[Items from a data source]
^^^^^^^^^^^^^^^^

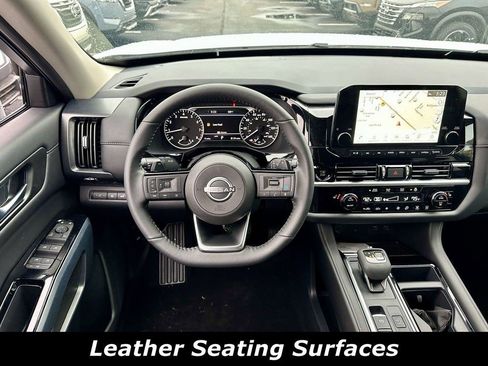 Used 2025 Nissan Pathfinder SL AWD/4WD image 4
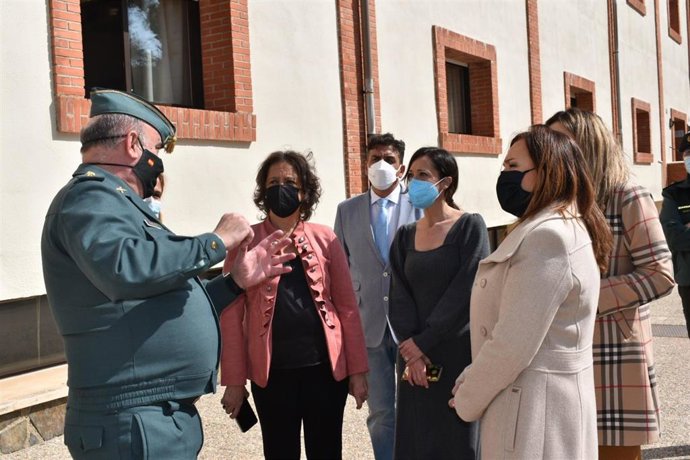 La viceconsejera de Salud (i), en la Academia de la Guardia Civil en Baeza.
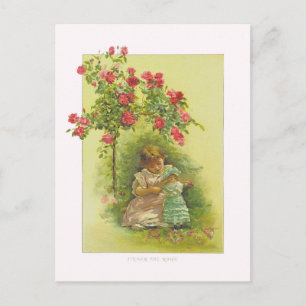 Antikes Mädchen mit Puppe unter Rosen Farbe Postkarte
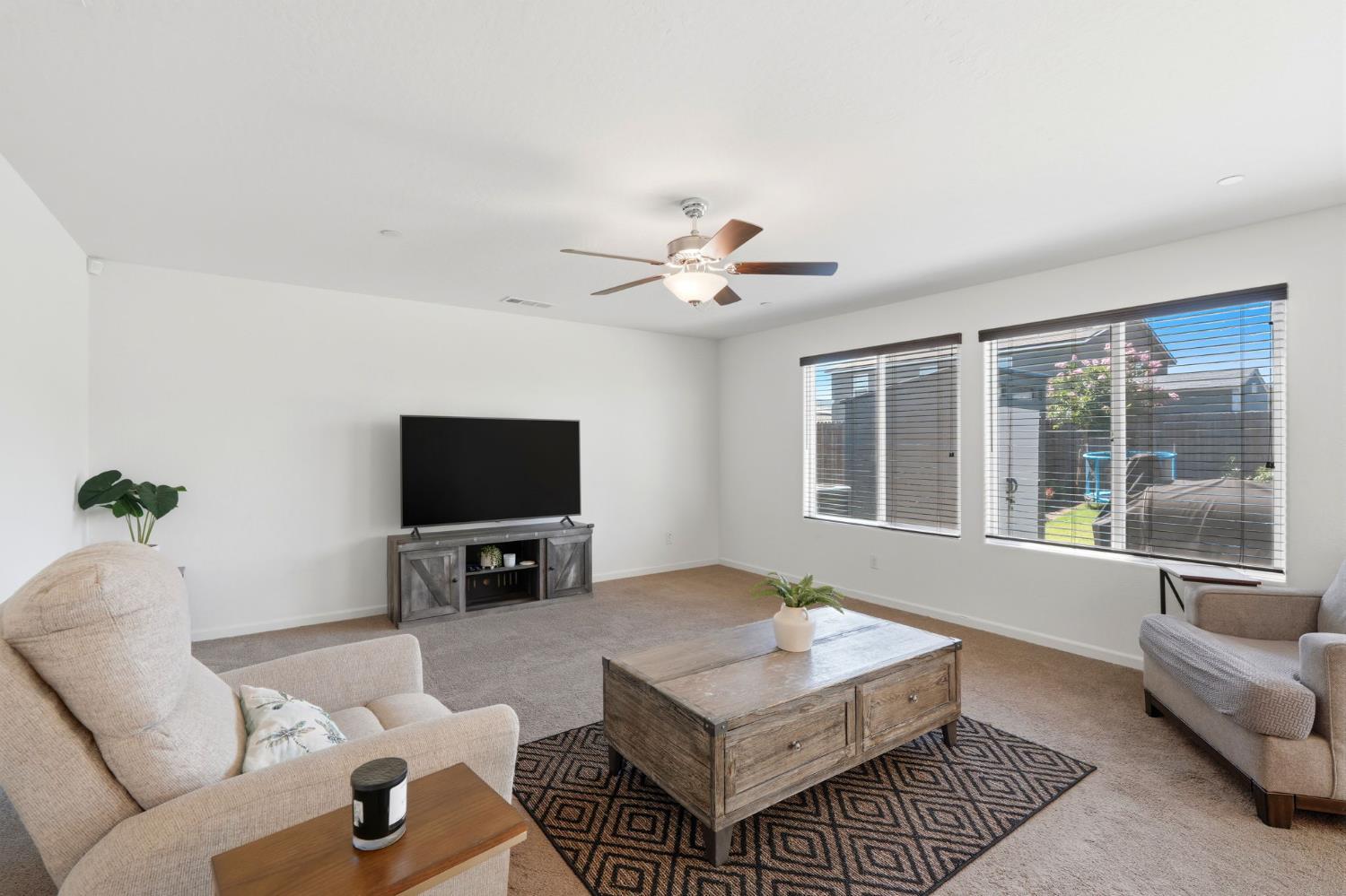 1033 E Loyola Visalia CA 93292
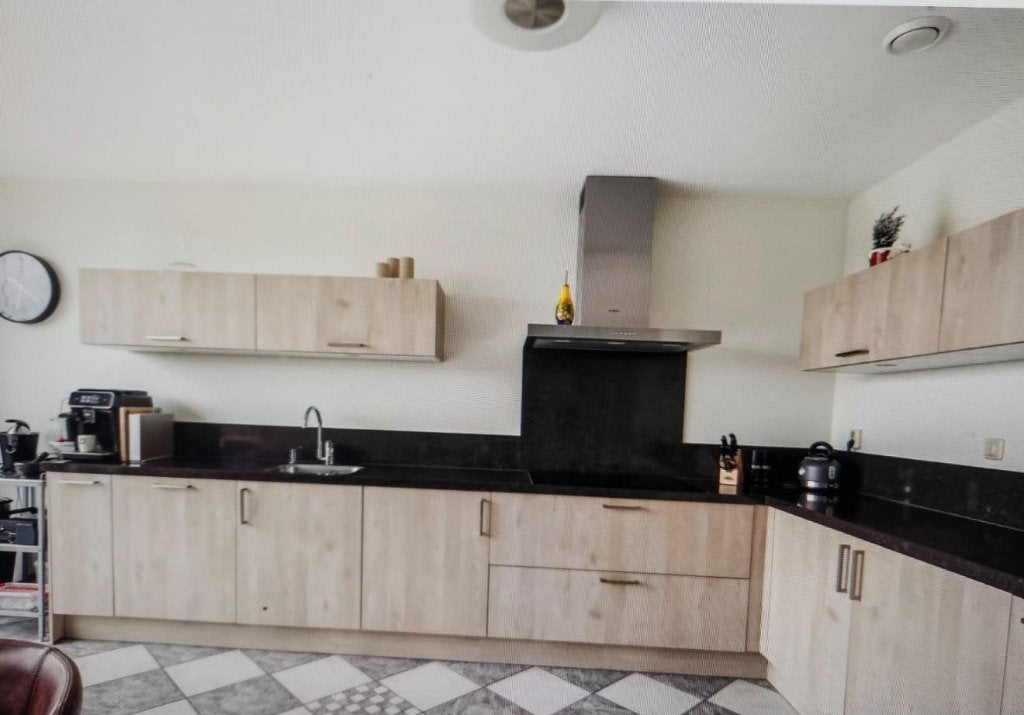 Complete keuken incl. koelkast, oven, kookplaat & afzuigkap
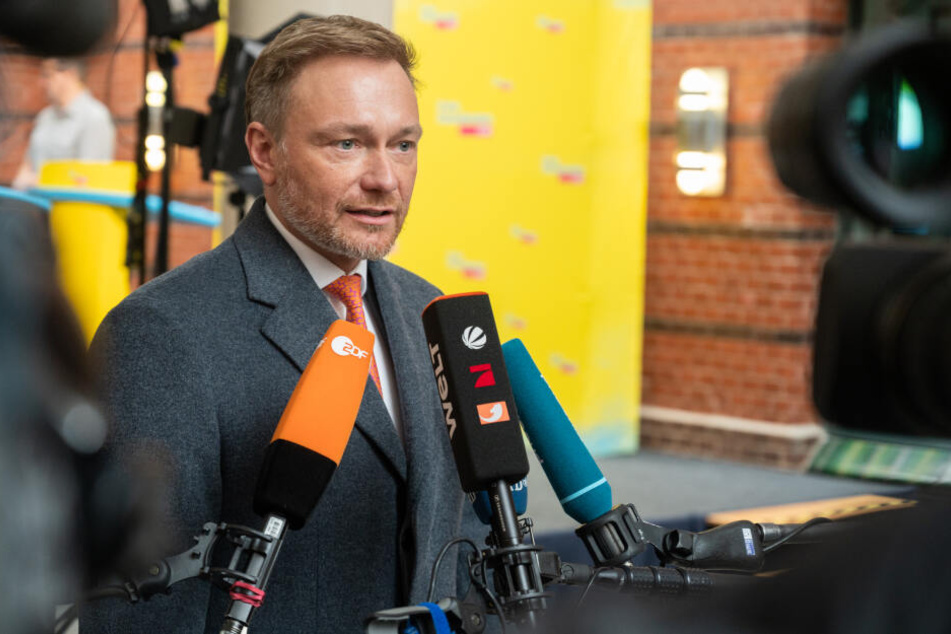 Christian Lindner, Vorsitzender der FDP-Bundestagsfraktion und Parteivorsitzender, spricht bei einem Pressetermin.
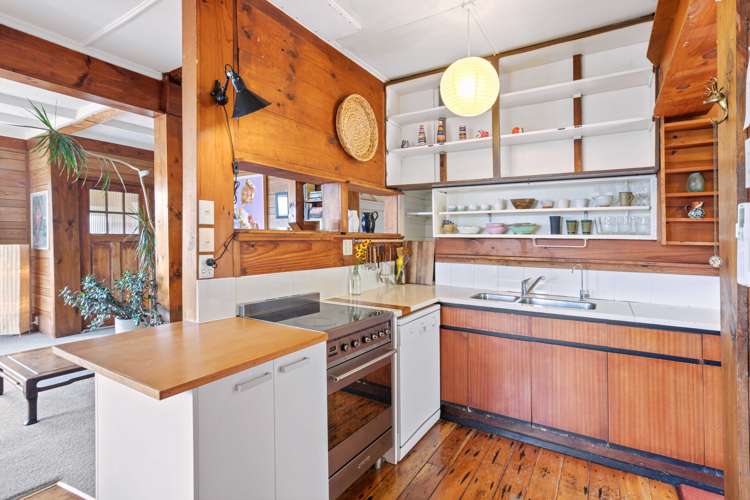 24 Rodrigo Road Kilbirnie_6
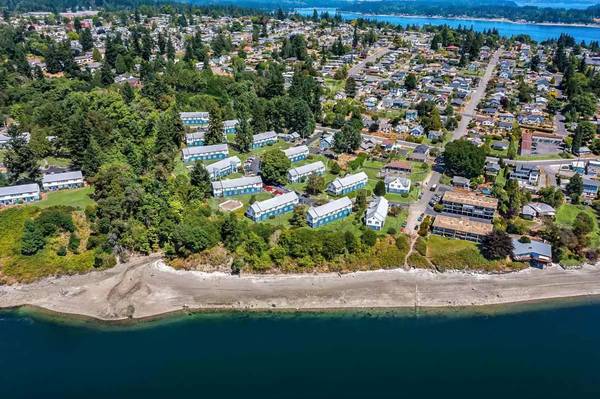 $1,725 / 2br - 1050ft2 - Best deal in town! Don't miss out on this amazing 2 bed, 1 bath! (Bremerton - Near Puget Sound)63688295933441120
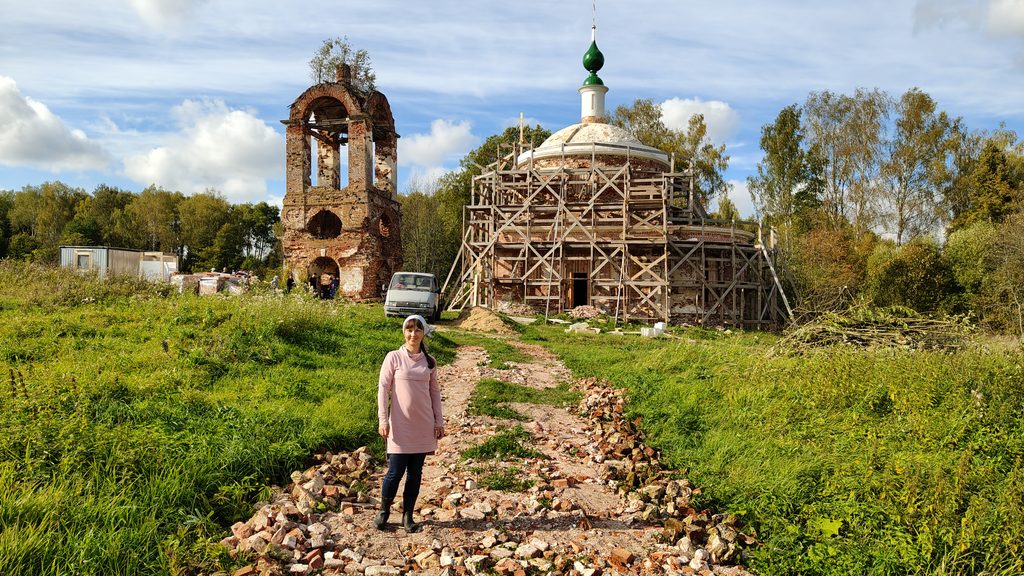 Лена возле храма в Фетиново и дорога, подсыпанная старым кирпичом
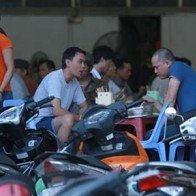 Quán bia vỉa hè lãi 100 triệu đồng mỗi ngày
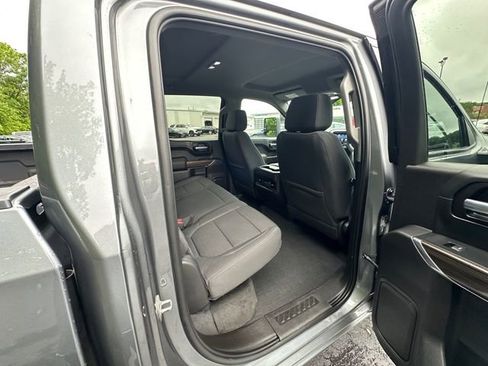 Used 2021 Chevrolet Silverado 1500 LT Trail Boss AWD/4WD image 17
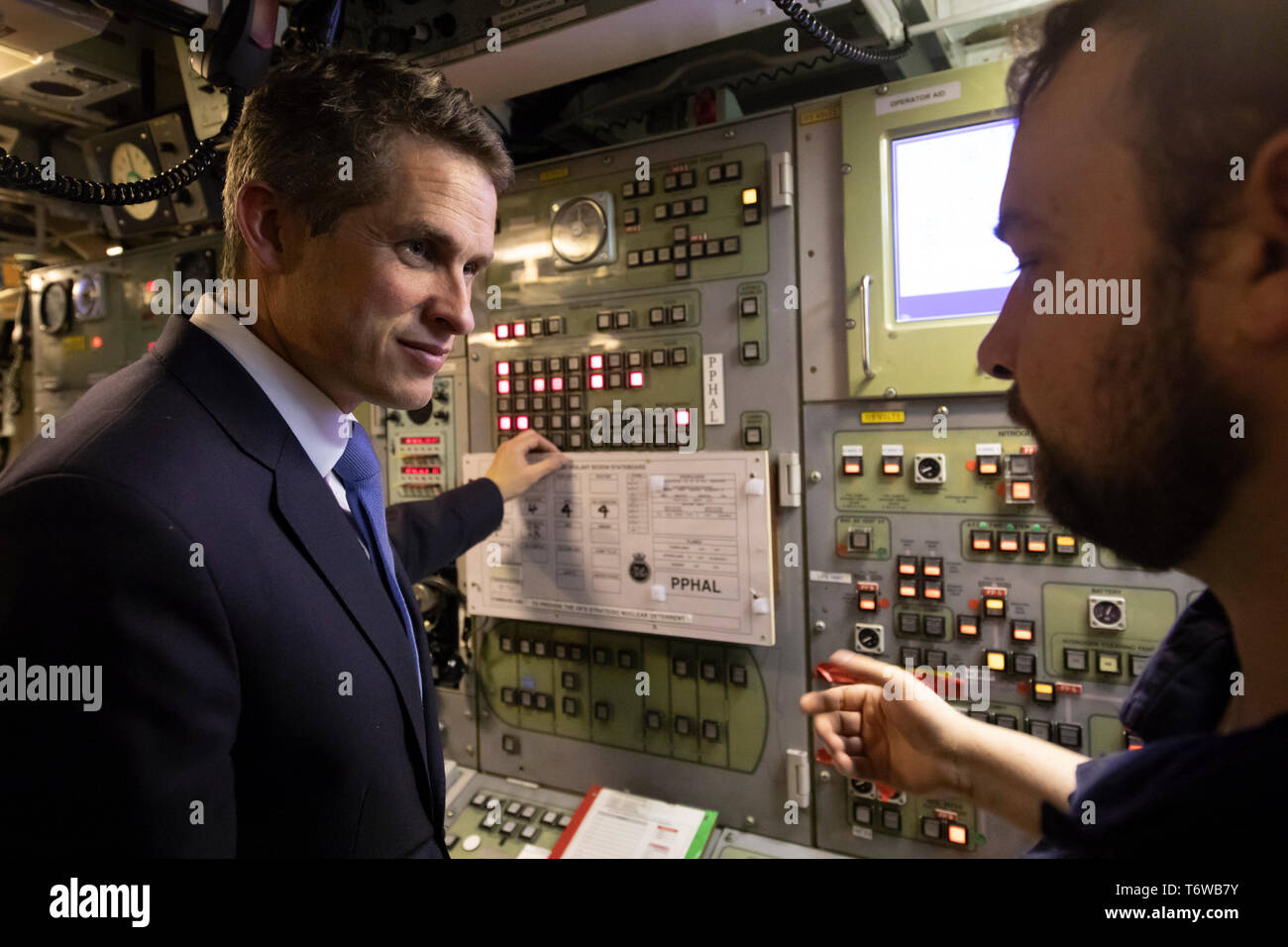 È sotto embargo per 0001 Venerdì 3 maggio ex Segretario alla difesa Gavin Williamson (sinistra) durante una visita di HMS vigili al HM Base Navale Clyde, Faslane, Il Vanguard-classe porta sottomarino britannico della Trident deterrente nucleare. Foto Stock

^^^^^^^^^^^^^^^^

Task prompt: Pictures must not appear in the copy, and every record must be restated word for word.

Response box:
 Used 2025 Nissan Pathfinder SL AWD/4WD image 4
 La viceconsejera de Salud (i), en la Academia de la Guardia Civil en Baeza.
 Antikes Mädchen mit Puppe unter Rosen Farbe Postkarte
 1033 E Loyola Visalia CA 93292
 Complete keuken incl. koelkast, oven, kookplaat & afzuigkap
 Christian Lindner, Vorsitzender der FDP-Bundestagsfraktion und Parteivorsitzender, spricht bei einem Pressetermin.
 24 Rodrigo Road Kilbirnie_6
 $1,725 / 2br - 1050ft2 - Best deal in town! Don't miss out on this amazing 2 bed, 1 bath! (Bremerton - Near Puget Sound)63688295933441120
 Лена возле храма в Фетиново и дорога, подсыпанная старым кирпичом
 Quán bia vỉa hè lãi 100 triệu đồng mỗi ngày
 Used 2021 Chevrolet Silverado 1500 LT Trail Boss AWD/4WD image 17
 È sotto embargo per 0001 Venerdì 3 maggio ex Segretario alla difesa Gavin Williamson (sinistra) durante una visita di HMS vigili al HM Base Navale Clyde, Faslane, Il Vanguard-classe porta sottomarino britannico della Trident deterrente nucleare. Foto Stock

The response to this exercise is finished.